Once I started thinking about the issues with polycarbonate leaching bisphenol-A into my kids' warm milk it really started me wondering about all the other plastics we use. The Gladware we use for all our leftovers (we have about 20 entree-sized ones and use them for everything)? Plastic wrap? I've presumed that the plastic clamshell that carries my strawberries to market is safe, but is it? A little digging has led me to compile the following list of the seven most common plastics and their relative safety. It doesn't include the random ones like "12," but hey, this will cover about 99% of what's touching your food and kids.

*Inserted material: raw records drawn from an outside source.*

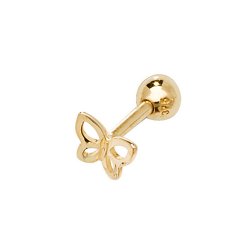 9ct Gold Butterfly Cartilage Stud 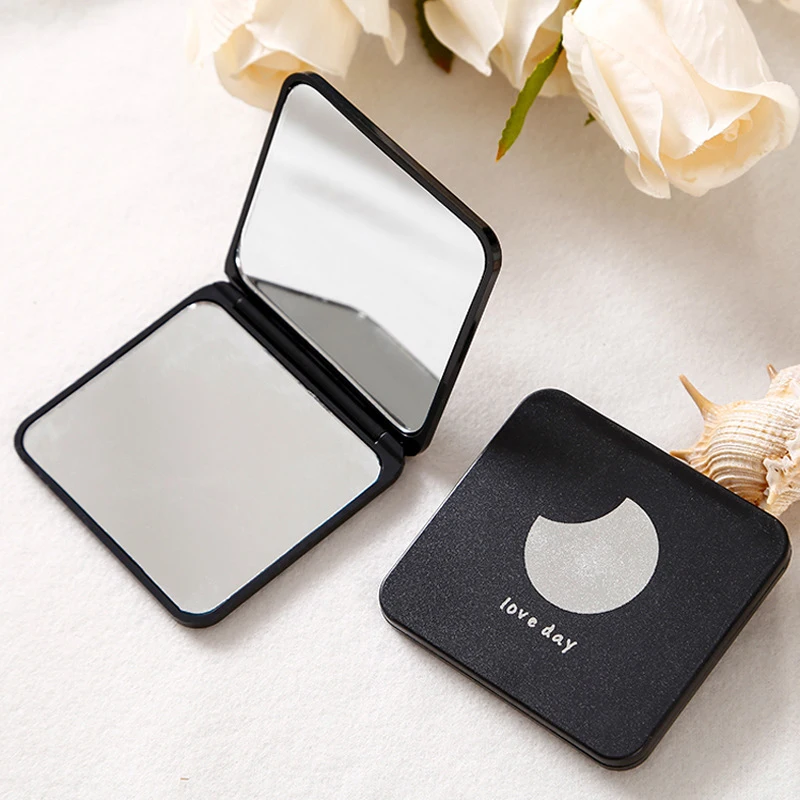 Foldable Makeup Mirror Mini Square Makeup Vanity Mirror Portable Hand Mirrors Double-sided Compact Mirror Pocket Cosmetic Mirror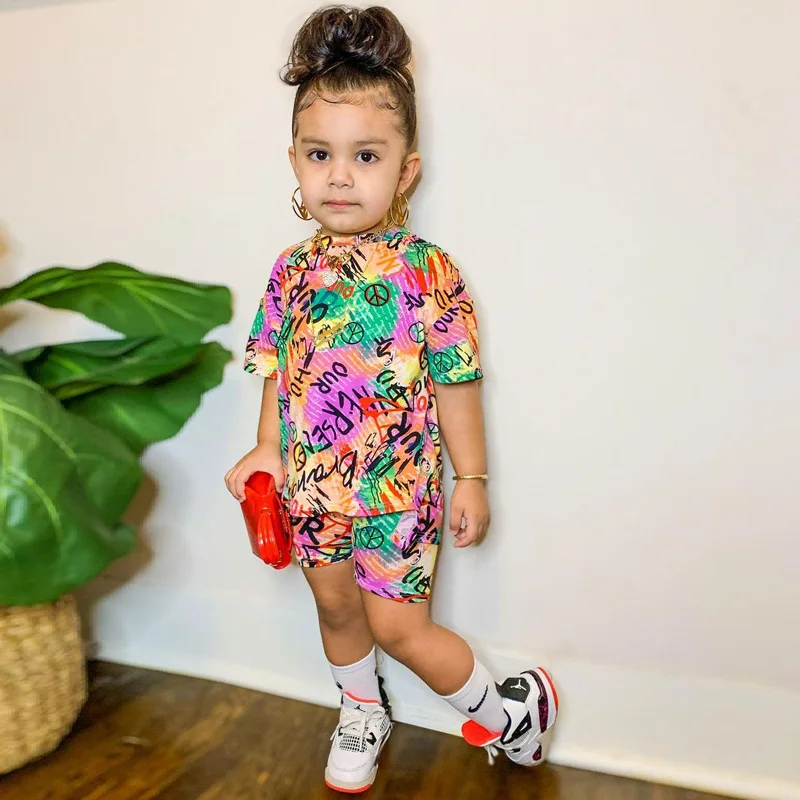 YS 2022 Summer Kids Outfits Two Piece Clothing Printed Little Girls Biker Shorts Sets
YS 2022 Summer Kids Outfits Two Piece Clothing Printed Little Girls Biker Shorts Sets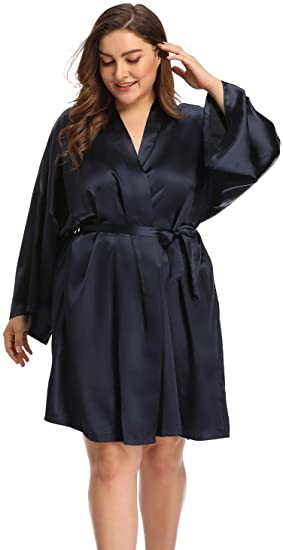 Bridesmaid Robes Silk Robe Bride Robe Short Satin Robe Women Wedding Robe Bathrobe Sleepwear Dressing Gown Plus Size Belt alx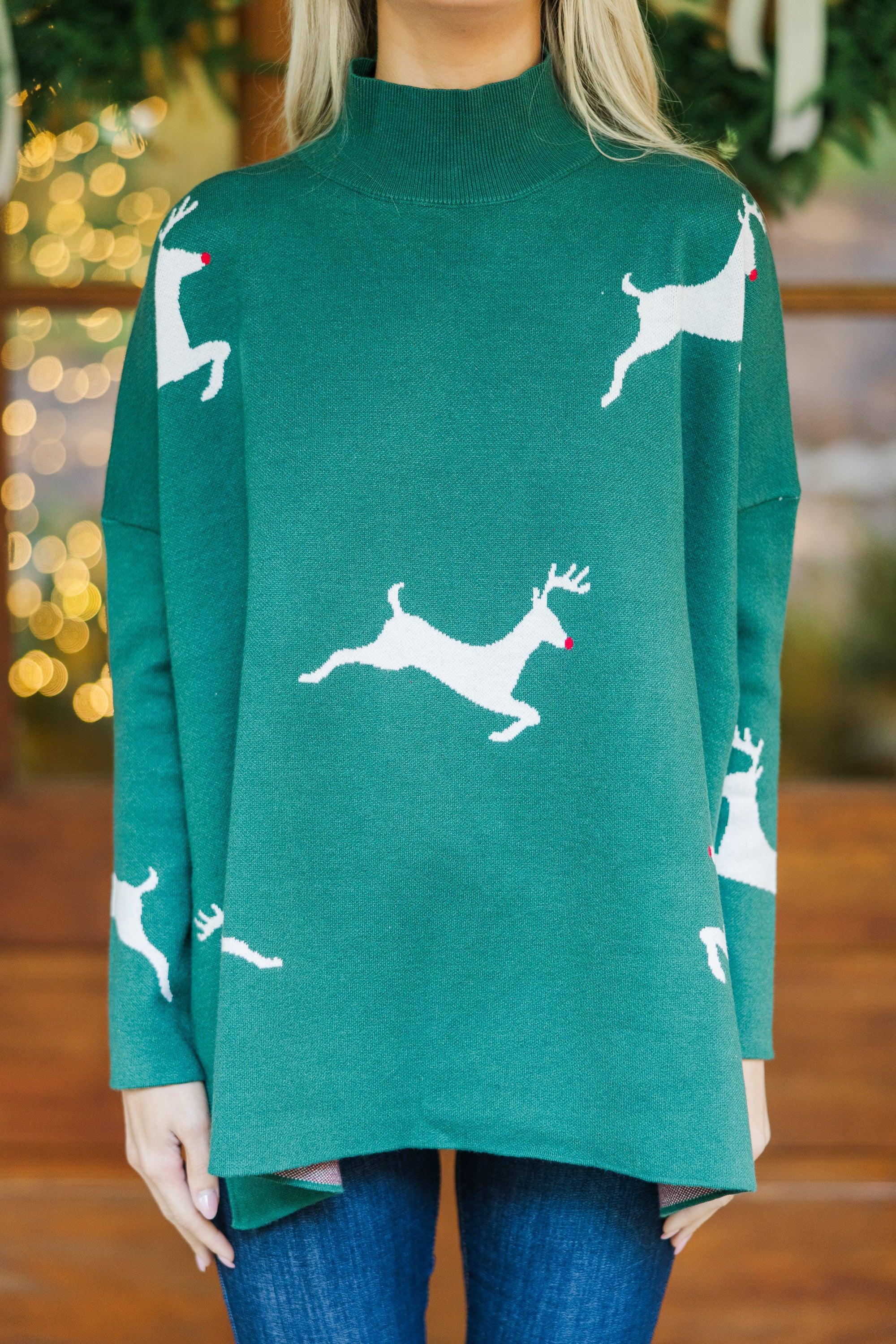 Quick Decisions Emerald Green Reindeer Sweater Female Product Image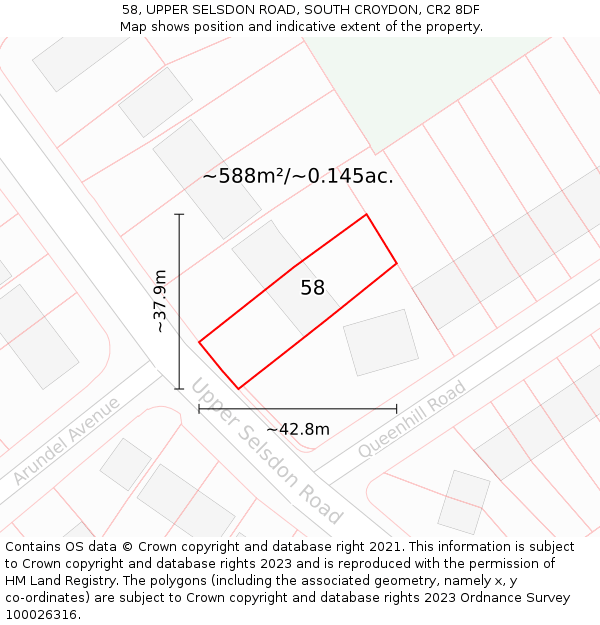 58, UPPER SELSDON ROAD, SOUTH CROYDON, CR2 8DF: Plot and title map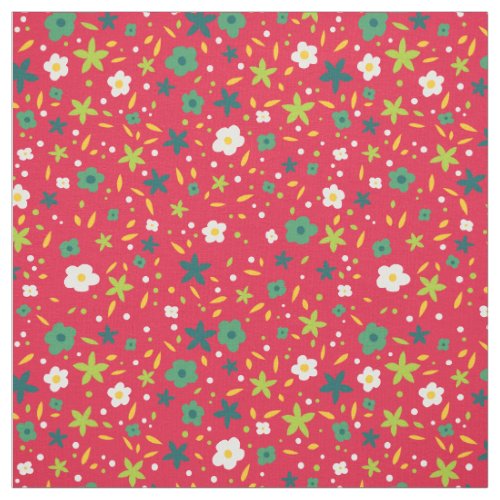 Bright Greens and Red Cute Ditsy Floral Pattern Fabric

The number is what you find inside the little recycling symbol on the bottom of plastic goods.
- Polyethylene terephthalate (PET or PETE) Used to make soda and water bottles, many clear/translucent squeezy bottles for salad dressing and such, plus plastic jars and produce clamshells. GOOD: Not known to leach any chemicals that are suspected of causing cancer or disrupting hormones. Often recycled.
- High-density polyethylene (HDPE) Typically used to manufacture milk jugs, water and juice bottles, some yogurt and cream cheese or margarine tubs, cereal box liner bags and grocery and trash bags. GOOD: Not known to leach any chemicals that are suspected of causing cancer or disrupting hormones. Often recycled.
- Polyvinyl chloride (V or PVC) Most deli meats and cheeses, plus foods in styrofoam trays (see #6) are wrapped in plastic wrap made with PVC. BAD: To soften it and make it flexible, manufacturers add plasticizers. Traces of these chemicals can leach out of PVC when in contact with foods. One of these plasticizers, di-2-ethylhexyl phthalate (DEHP), commonly found in PVC, is a suspected human carcinogen. Not widely recycled.
- Low-density polyethylene (LDPE) Some bread, frozen food, and grocery bags, plus some squeezy bottles. OK: Not known to leach any chemicals that are suspected of causing cancer or disrupting hormones. Not widely recycled.
- Polypropylene (PP) Some ketchup and other squeezy bottles, most yogurt and margarine tubs, some flexible sippy cups. OK: Hazardous during production, but not known to leach any chemicals that are suspected of causing cancer or disrupting hormones. Not widely recycled.
- Polystyrene (PS) Foam insulation, styrofoam, hot food containers, shrinky dinks, and other hard applications (e.g. cups, toys) BAD: Benzene, used in polystyrene prodcution, is a known human carcinogen. Butadiene and styrene, the basis of the plastic are suspected carcinogens. Energy intensive and not often recycled.
- Other (usually polycarbonate) Baby feeding bottles, microwave ovenware, disposable eating utensils, most clear/colored drinkware (e.g. most clear Nalgene bottles produced until a few weeks ago), epoxy lining of metal cans, lexan products. BAD: Made with biphenyl-A, a chemical invented in the 1930s in research to develop synthetic estrogens. A known hormone disruptor that simulates the action of estrogen when tested in human breast cancer studies as well as numerous other effects. Can leach into food as the plastic breaks down over time, particularly into warm, fatty liquids.